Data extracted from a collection

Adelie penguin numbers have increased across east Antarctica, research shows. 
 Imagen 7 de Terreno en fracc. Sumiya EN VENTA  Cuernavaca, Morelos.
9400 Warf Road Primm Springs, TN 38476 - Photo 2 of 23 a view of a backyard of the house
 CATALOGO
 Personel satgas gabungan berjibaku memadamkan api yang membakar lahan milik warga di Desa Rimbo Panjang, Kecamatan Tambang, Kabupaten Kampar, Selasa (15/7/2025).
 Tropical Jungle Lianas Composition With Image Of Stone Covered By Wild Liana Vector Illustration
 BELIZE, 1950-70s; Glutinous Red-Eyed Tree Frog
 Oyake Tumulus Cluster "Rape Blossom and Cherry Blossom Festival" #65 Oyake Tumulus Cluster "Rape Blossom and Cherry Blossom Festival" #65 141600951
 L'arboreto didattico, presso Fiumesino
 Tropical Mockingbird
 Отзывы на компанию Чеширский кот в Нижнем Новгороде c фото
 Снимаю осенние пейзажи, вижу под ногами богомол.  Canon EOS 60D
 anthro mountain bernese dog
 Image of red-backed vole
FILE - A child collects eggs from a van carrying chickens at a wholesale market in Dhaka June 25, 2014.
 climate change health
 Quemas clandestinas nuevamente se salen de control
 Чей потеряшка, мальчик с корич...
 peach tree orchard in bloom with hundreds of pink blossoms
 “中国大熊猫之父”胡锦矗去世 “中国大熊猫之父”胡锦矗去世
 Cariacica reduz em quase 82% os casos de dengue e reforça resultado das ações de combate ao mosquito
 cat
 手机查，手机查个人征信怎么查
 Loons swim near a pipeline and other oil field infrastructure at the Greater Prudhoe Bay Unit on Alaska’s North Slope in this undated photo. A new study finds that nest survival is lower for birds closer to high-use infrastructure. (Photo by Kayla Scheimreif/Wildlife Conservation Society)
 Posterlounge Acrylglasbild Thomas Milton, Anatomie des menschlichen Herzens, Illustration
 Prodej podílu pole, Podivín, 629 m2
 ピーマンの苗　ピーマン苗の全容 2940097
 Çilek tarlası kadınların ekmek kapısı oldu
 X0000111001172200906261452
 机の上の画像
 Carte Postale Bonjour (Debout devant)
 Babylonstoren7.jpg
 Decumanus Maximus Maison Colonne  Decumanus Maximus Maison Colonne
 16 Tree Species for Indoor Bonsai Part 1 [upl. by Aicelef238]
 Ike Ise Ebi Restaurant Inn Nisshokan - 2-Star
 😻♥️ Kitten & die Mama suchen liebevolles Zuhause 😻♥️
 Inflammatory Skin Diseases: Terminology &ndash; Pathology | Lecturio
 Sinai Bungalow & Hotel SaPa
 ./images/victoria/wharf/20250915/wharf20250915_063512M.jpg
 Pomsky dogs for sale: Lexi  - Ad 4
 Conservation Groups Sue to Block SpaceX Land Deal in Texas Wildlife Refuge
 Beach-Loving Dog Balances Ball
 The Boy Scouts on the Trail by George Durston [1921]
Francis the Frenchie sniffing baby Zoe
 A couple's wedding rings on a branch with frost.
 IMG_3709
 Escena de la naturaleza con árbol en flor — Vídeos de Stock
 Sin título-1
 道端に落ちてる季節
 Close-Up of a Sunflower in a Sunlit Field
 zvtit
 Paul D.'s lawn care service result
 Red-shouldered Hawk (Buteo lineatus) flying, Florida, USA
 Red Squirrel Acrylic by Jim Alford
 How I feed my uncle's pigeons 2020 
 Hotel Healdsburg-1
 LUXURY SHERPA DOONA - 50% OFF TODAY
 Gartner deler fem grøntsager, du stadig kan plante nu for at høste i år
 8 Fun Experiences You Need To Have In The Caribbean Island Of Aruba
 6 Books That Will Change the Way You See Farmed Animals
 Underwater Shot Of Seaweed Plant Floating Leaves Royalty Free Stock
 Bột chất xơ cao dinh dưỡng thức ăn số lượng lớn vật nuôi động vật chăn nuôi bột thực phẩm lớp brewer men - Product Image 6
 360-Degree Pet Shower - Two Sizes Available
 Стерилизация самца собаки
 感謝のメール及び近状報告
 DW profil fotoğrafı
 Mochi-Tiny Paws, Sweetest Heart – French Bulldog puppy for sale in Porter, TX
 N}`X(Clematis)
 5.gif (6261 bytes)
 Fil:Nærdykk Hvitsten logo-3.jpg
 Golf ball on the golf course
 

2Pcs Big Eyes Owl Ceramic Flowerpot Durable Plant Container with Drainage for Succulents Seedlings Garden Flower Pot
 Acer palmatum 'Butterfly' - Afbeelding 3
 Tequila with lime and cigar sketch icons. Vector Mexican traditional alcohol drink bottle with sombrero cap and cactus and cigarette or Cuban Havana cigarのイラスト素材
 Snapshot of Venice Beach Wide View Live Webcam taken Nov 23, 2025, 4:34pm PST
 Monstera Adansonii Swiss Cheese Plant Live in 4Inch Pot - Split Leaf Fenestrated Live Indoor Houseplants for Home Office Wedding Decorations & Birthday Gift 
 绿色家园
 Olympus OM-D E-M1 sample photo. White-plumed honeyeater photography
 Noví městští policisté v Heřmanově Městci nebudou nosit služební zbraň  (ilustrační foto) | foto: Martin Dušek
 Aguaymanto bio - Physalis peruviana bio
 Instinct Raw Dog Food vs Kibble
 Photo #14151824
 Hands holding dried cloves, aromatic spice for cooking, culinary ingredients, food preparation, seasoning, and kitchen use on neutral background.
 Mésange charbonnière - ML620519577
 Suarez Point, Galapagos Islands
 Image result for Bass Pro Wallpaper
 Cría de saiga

» **What you will do**
Return word for word the lines above from the line with "16 Tree Species" to the line with "Snapshot of Venice", including both and leaving out all others.

» **Result of the exercise**
 16 Tree Species for Indoor Bonsai Part 1 [upl. by Aicelef238]
 Ike Ise Ebi Restaurant Inn Nisshokan - 2-Star
 😻♥️ Kitten & die Mama suchen liebevolles Zuhause 😻♥️
 Inflammatory Skin Diseases: Terminology &ndash; Pathology | Lecturio
 Sinai Bungalow & Hotel SaPa
 ./images/victoria/wharf/20250915/wharf20250915_063512M.jpg
 Pomsky dogs for sale: Lexi  - Ad 4
 Conservation Groups Sue to Block SpaceX Land Deal in Texas Wildlife Refuge
 Beach-Loving Dog Balances Ball
 The Boy Scouts on the Trail by George Durston [1921]
Francis the Frenchie sniffing baby Zoe
 A couple's wedding rings on a branch with frost.
 IMG_3709
 Escena de la naturaleza con árbol en flor — Vídeos de Stock
 Sin título-1
 道端に落ちてる季節
 Close-Up of a Sunflower in a Sunlit Field
 zvtit
 Paul D.'s lawn care service result
 Red-shouldered Hawk (Buteo lineatus) flying, Florida, USA
 Red Squirrel Acrylic by Jim Alford
 How I feed my uncle's pigeons 2020 
 Hotel Healdsburg-1
 LUXURY SHERPA DOONA - 50% OFF TODAY
 Gartner deler fem grøntsager, du stadig kan plante nu for at høste i år
 8 Fun Experiences You Need To Have In The Caribbean Island Of Aruba
 6 Books That Will Change the Way You See Farmed Animals
 Underwater Shot Of Seaweed Plant Floating Leaves Royalty Free Stock
 Bột chất xơ cao dinh dưỡng thức ăn số lượng lớn vật nuôi động vật chăn nuôi bột thực phẩm lớp brewer men - Product Image 6
 360-Degree Pet Shower - Two Sizes Available
 Стерилизация самца собаки
 感謝のメール及び近状報告
 DW profil fotoğrafı
 Mochi-Tiny Paws, Sweetest Heart – French Bulldog puppy for sale in Porter, TX
 N}`X(Clematis)
 5.gif (6261 bytes)
 Fil:Nærdykk Hvitsten logo-3.jpg
 Golf ball on the golf course
 

2Pcs Big Eyes Owl Ceramic Flowerpot Durable Plant Container with Drainage for Succulents Seedlings Garden Flower Pot
 Acer palmatum 'Butterfly' - Afbeelding 3
 Tequila with lime and cigar sketch icons. Vector Mexican traditional alcohol drink bottle with sombrero cap and cactus and cigarette or Cuban Havana cigarのイラスト素材
 Snapshot of Venice Beach Wide View Live Webcam taken Nov 23, 2025, 4:34pm PST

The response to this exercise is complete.